Séminaire du 21 septembre 2009,
14h: Évelyne
Hubert, GALAAD, INRIA, Sophia Antipolis - Méditerranée.
Algebra of Differential Invariants.
Whether algebraic or differential, one can distinguish two
families of applications for invariants of group actions:
equivalence problems, together with classification and canonical
forms, and symmetry reduction. In this latter case invariants
are used to take into account the symmetry of a problem, mainly
in order to reduce its size or its analysis. The computational
requirements include then four main components: the explicit
computation of a generating set of invariants, and the relations
among them (syzygies); procedures for rewriting the problem in
terms of the invariants; and finally procedures for computing in
the algebra of invariants. For differential invariants, those
issues have been coherently addressed in a series of papers. The
algebraic foundations developed therein support an algorithmic
suite that is being implemented in the Maple package AIDA that
works on top of the library DifferentialGeometry and the
extension of the library diffalg to non commutative derivations.
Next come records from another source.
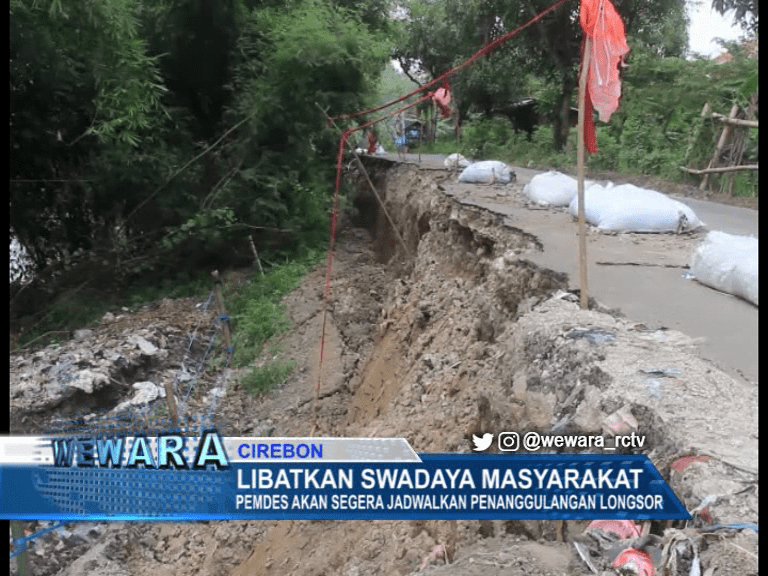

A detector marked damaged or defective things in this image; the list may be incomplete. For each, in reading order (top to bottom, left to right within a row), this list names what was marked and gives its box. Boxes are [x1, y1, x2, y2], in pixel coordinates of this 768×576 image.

landslide damage [9, 159, 760, 576]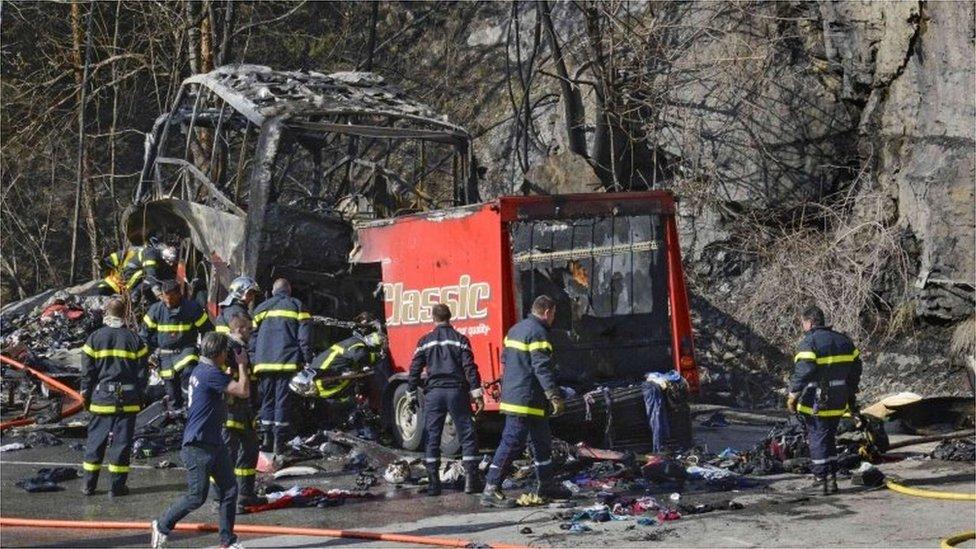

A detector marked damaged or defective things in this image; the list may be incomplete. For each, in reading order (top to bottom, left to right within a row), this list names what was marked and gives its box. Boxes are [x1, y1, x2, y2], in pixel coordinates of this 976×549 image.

burned bus wreck [130, 63, 480, 310]
burnt interior of truck [510, 212, 672, 392]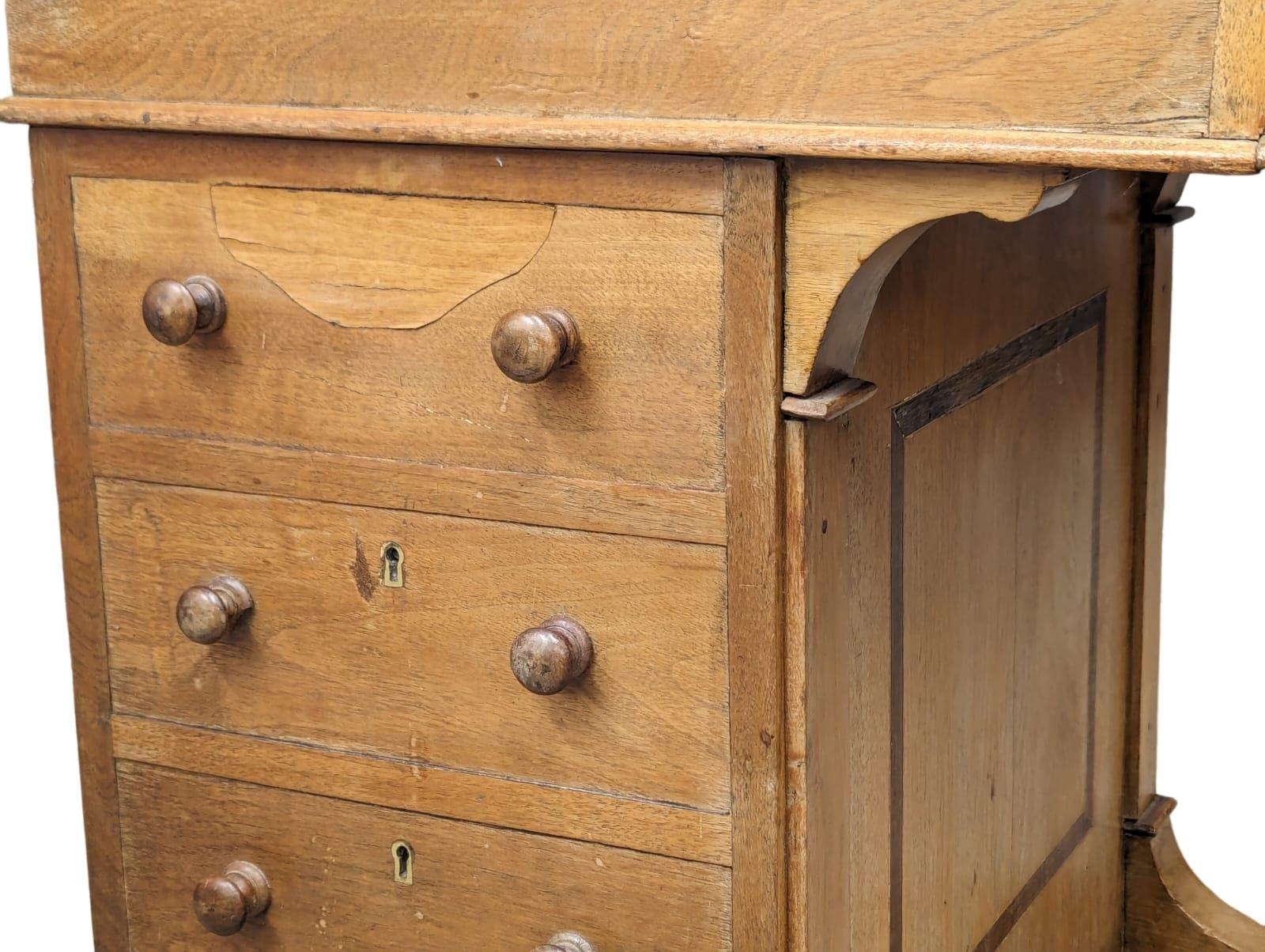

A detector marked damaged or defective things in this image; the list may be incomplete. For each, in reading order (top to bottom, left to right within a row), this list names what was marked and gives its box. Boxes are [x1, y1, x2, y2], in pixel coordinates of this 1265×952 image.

damaged veneer patch [207, 183, 553, 329]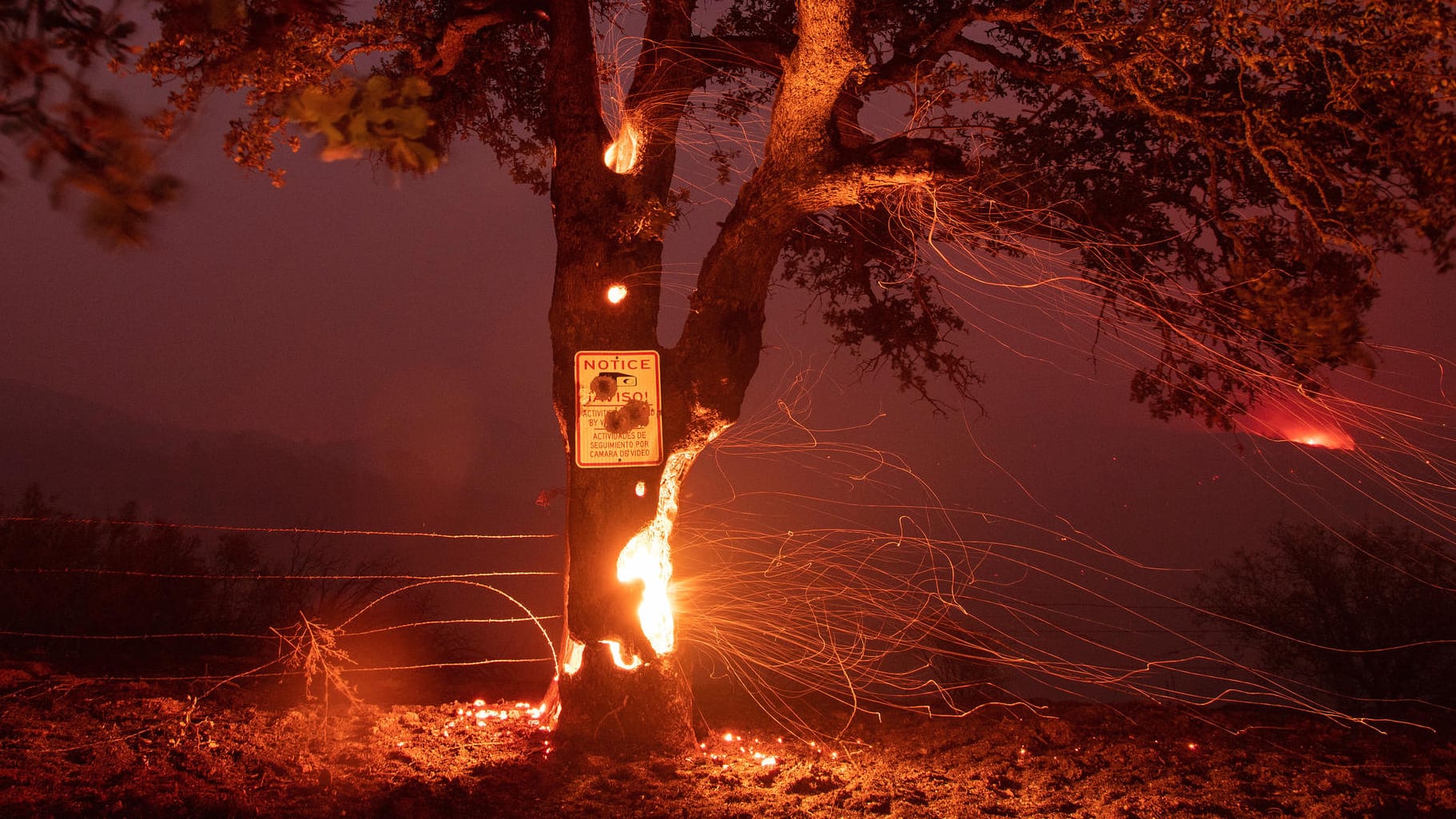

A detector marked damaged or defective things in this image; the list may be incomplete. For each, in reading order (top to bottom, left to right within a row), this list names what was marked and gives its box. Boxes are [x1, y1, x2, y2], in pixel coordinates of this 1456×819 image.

burnt dirt ground [2, 666, 1456, 819]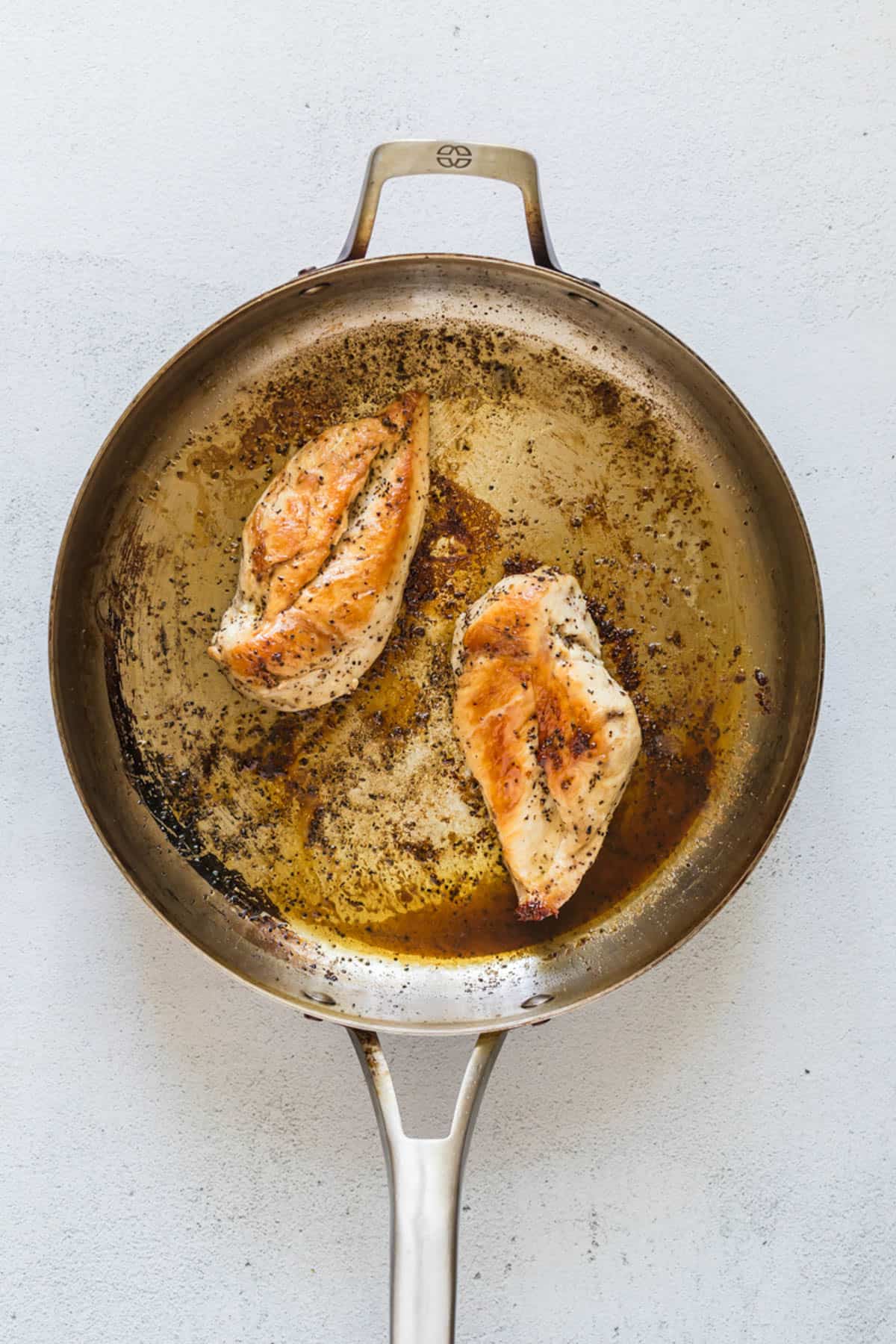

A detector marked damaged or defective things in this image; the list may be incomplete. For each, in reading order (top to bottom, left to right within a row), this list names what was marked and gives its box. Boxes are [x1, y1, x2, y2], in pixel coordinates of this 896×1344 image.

burnt residue on pan wall [98, 320, 757, 962]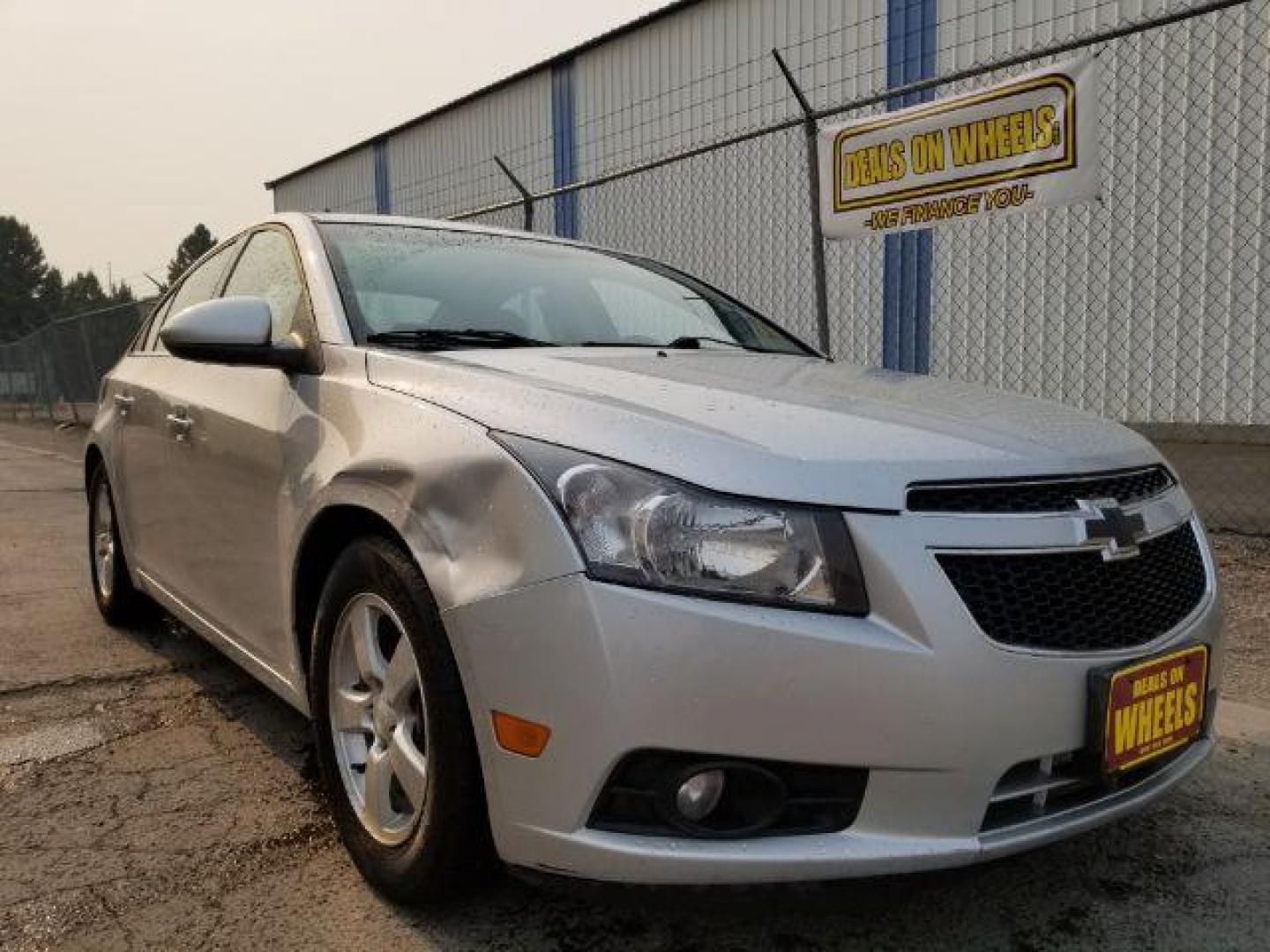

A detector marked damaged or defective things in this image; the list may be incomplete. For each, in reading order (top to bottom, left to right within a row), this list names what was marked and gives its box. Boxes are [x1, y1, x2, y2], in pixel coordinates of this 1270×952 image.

dent on car door [161, 229, 315, 680]
cracked pavement [2, 423, 1270, 952]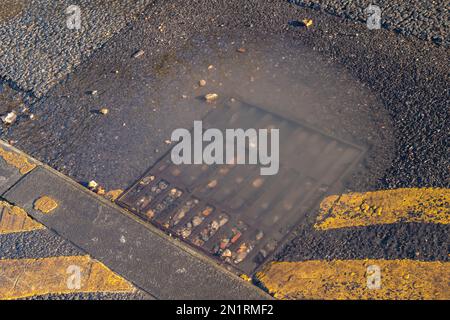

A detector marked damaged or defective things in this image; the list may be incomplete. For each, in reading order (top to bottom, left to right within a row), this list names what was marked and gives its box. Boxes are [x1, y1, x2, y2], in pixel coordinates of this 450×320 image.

rusty drain grate [118, 99, 364, 274]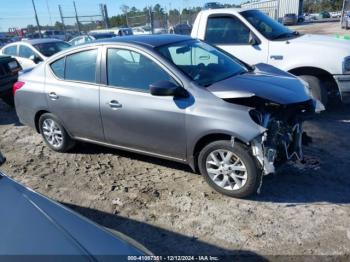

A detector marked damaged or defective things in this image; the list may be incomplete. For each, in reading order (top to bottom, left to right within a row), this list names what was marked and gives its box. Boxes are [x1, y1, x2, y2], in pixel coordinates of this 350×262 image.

damaged silver sedan [13, 35, 322, 199]
crumpled front hood [206, 63, 310, 104]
In this talk I focus on three descriptions of the differential
algebra of differential invariants as given by generators and
syzygies. The normalized and edge invariants were the focus in
the reinterpretation of the moving frame method by Fels & Olver
(1999). My contribution here is first to show the completeness
of a set of syzygies for the normalized invariants that can be
written down with minimal information on the group action
(namely the infinitesimal generators). Second, I provide the
adequate general concept of edge invariants and show their
generating properties. The syzygies for edge invariants are
obtained by applying the algorithms for differential elimination
that I generalized to non-commuting derivations. Another
contibution is to exhibit the generating and rewriting
properties of Maurer-Cartan invariants. Those have desirable
properties from the computational point of view. They are all
the more meaningful when one understands that they are the
differential invariants that come into play in the moving frame
method as practiced by Griffiths (1974) and differential
geometers. The syzygies for the Maurer-Cartan invariants
naturally follow from the structure equations for the group.